How should I troubleshoot this issue?

| username: xfworld | Original post link

Compare the differences in table structures to see if simpler structured tables are more likely to be written normally.

| username: TiDBer_hJ6mZgS4 | Original post link

Does a simple table structure refer to having a small number of fields?

| username: xfworld | Original post link

No, the error that appears in the logs is quite rare
prewrite secondary key error

So, which ones can succeed? Which ones cannot succeed? You need to provide them and compare.

| username: TiDBer_hJ6mZgS4 | Original post link

We have multiple tasks, all of which execute SQL and write the results into their respective TiDB tables. Currently, the number of fields in each table varies from 20 to 80. We have observed that the tables that report errors do not always report errors; sometimes retrying a few times will succeed.
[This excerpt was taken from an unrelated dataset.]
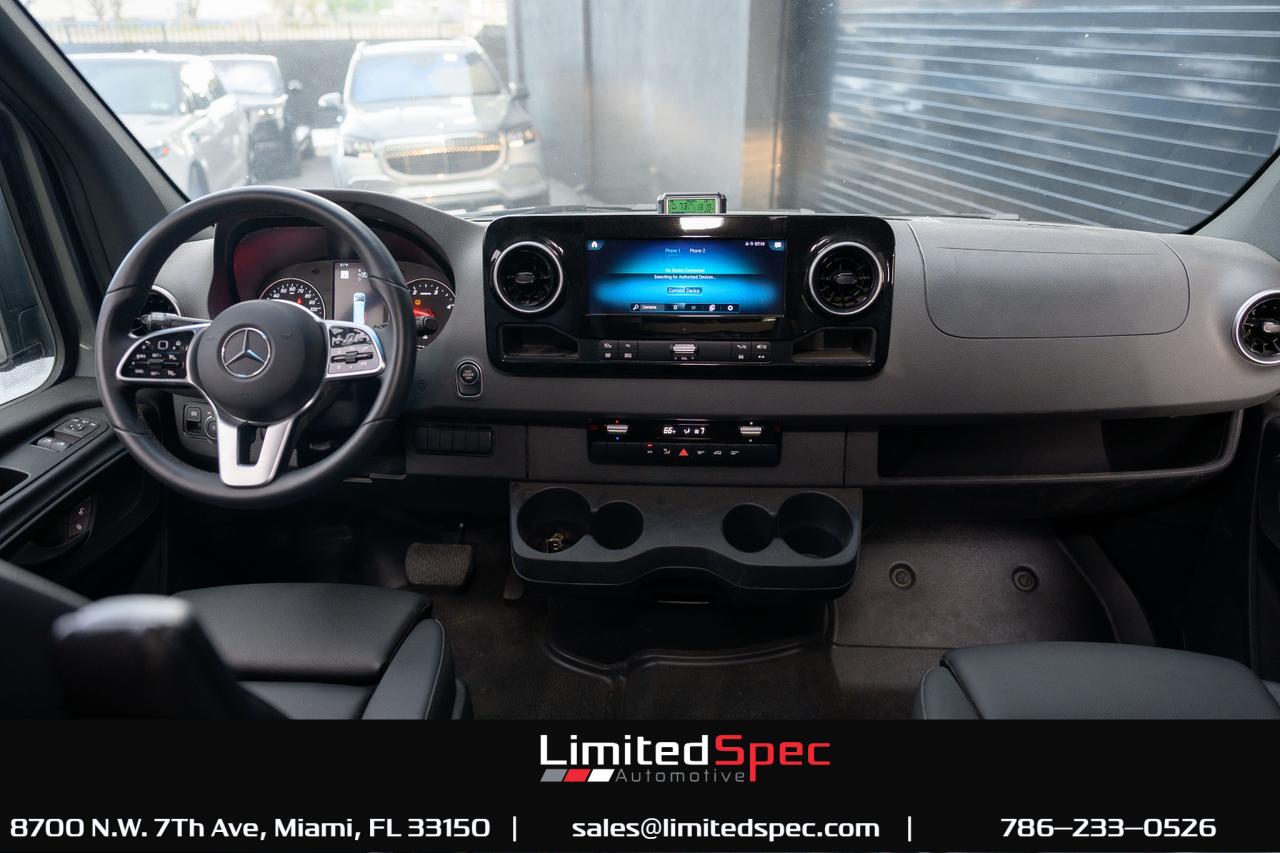 2022 Mercedes-Benz Sprinter 2500 Cargo 170 WB Miami FL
However, recently the frequency of errors and retries has increased, and yesterday there were two tables that consistently reported errors and could not pass even after retries.
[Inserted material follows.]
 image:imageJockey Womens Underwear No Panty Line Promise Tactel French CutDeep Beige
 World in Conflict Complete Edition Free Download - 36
Additionally, I would like to ask if we should start from the root cause that leads to the prewrite secondary key error:
org.tikv.common.region.RegionStoreClient.prewrite(RegionStoreClient.java:486)

org.tikv.shade.io.grpc.stub.ClientCalls.blockingUnaryCall(ClientCalls.java:175)
An exception occurs here:
org.tikv.shade.io.grpc.StatusRuntimeException: UNIMPLEMENTED
Could this be related to the TiKV server status or some metrics?

| username: xfworld | Original post link

The prewrite secondary key error means the write operation completely failed.

Generally, writing involves two steps:
primary key write
secondary key write

to satisfy the control and management of the distributed transaction commit process. If the transaction fails, it will roll back, and there won’t be an error feedback…
It seems like either the region has an issue or the TiKV node has a problem. You’ll need to investigate this yourself.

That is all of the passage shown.